Subscriber Accounting
When the PCRF returns a CCA-I message to the router, the message may contain thresholds for any of several usage statistics for a subscriber service: Duration, input data, output data, or total data for the service session. Upon receipt of a threshold, the router begins monitoring the subscriber’s service session activity for that statistic. When the usage statistic reaches the threshold, it triggers the router to send a Gx-Plus usage notification message (CCR-U) to the PCRF. In response, the PCRF may send a CCA-U message to specify a new threshold, activate new services, or deactivate current services.
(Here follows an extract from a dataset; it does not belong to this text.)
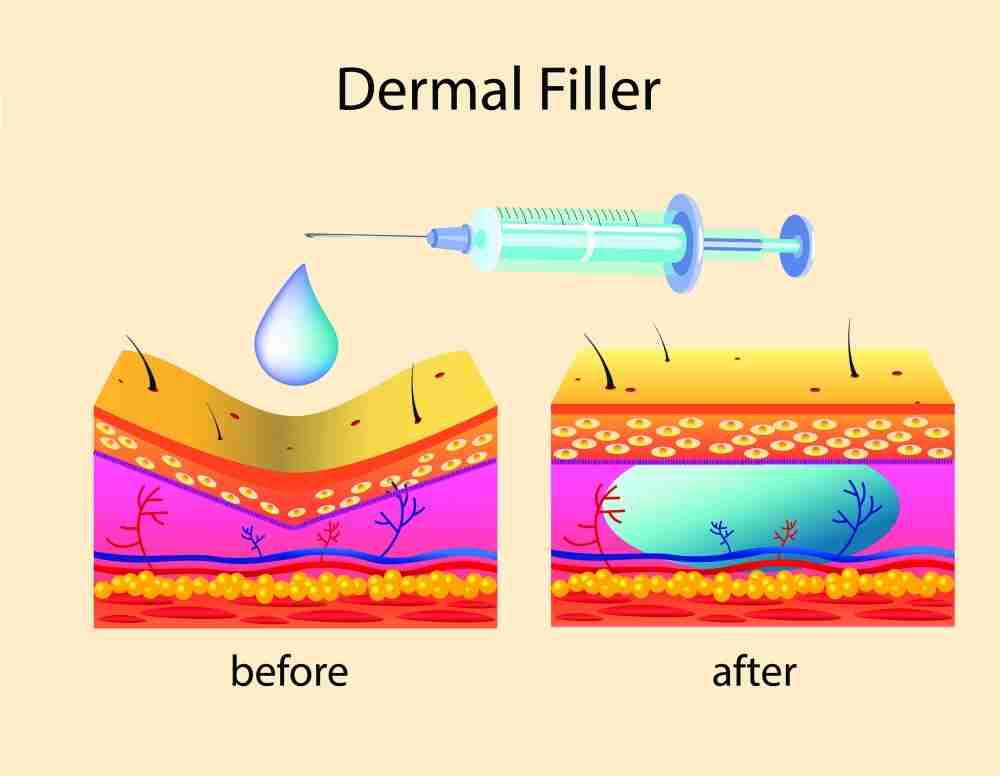 Tiêm filler mũi và những sự thật bạn cần biết rõ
The PCRF can also send a CCR-U message that explicitly requests usage monitoring for statistics at different levels. The router can monitor usage at the subscriber level or at the service level. The Granted-Service-Unit AVP in the message specifies one or more of the following the statistics:
- CC-Input-Octets
- CC-Output-Octets
- CC-Total-Octets
- CC-Time
If any other statistics are specified, the router sends the PCRF a CCA message indicating that incorrect statistics were requested. When the specified threshold for a monitored statistic is reached, the router sends a CCR-U that contains the usage report for the statistics. In response, the PCRF sends another CCA-R with new thresholds or a request to activate or deactivate services.
Subscriber Logout
When the client application sends a subscriber logout notice to AAA, Gx-Plus sends a CCR-T message to notify the PCRF that the provisioned subscriber session is being terminated. The PCRF returns a CCA-T message that includes the Result-Code AVP. If the Result-Code value is DIAMETER_SUCCESS, Gx-Plus notifies AAA, and AAA notifies the application that the logout is complete. If Gx-Plus does not receive a CCA-T message, or if the Result-Code AVP has any other value or is missing, then the termination request is retried until the CCA-T message is returned with DIAMETER_SUCCESS.